BRIEF: Give back exactly the stretch of data below from the line holding "shadowlune online show" through the line holding "Porsche Cayenne 2011 - фото 18", both ends included, and leave the remaining lines out.

§

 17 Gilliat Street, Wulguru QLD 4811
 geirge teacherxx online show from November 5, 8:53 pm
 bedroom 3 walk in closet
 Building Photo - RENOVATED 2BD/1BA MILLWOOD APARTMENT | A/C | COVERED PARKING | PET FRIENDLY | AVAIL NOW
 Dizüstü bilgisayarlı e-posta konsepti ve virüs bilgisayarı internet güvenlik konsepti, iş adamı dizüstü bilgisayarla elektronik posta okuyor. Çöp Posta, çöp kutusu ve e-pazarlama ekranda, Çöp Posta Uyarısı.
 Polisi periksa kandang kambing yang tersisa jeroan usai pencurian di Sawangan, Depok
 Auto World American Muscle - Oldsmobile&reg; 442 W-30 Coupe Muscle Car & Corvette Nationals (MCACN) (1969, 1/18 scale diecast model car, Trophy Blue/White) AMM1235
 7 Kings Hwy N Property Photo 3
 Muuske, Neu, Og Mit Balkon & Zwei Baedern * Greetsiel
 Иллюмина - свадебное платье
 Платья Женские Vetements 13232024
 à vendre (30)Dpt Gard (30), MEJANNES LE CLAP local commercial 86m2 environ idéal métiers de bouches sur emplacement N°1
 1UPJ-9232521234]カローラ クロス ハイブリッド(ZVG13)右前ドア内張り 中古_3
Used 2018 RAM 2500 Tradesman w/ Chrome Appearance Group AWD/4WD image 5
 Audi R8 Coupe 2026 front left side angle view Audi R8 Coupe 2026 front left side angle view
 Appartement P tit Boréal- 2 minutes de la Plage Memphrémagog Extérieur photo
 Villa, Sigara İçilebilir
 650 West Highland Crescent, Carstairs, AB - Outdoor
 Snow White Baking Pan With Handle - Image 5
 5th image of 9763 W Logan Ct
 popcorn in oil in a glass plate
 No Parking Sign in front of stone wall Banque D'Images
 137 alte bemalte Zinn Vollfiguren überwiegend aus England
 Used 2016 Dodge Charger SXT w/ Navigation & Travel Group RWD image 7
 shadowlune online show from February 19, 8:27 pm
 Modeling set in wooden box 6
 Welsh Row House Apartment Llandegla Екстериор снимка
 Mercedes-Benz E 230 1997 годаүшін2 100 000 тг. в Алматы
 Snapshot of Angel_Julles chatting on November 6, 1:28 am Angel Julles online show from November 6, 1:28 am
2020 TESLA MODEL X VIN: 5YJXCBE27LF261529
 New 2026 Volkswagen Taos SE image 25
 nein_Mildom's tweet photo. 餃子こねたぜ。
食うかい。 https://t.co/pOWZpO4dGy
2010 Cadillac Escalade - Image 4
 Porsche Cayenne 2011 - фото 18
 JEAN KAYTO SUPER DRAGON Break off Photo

§

TASK SOLUTION:
 shadowlune online show from February 19, 8:27 pm
 Modeling set in wooden box 6
 Welsh Row House Apartment Llandegla Екстериор снимка
 Mercedes-Benz E 230 1997 годаүшін2 100 000 тг. в Алматы
 Snapshot of Angel_Julles chatting on November 6, 1:28 am Angel Julles online show from November 6, 1:28 am
2020 TESLA MODEL X VIN: 5YJXCBE27LF261529
 New 2026 Volkswagen Taos SE image 25
 nein_Mildom's tweet photo. 餃子こねたぜ。
食うかい。 https://t.co/pOWZpO4dGy
2010 Cadillac Escalade - Image 4
 Porsche Cayenne 2011 - фото 18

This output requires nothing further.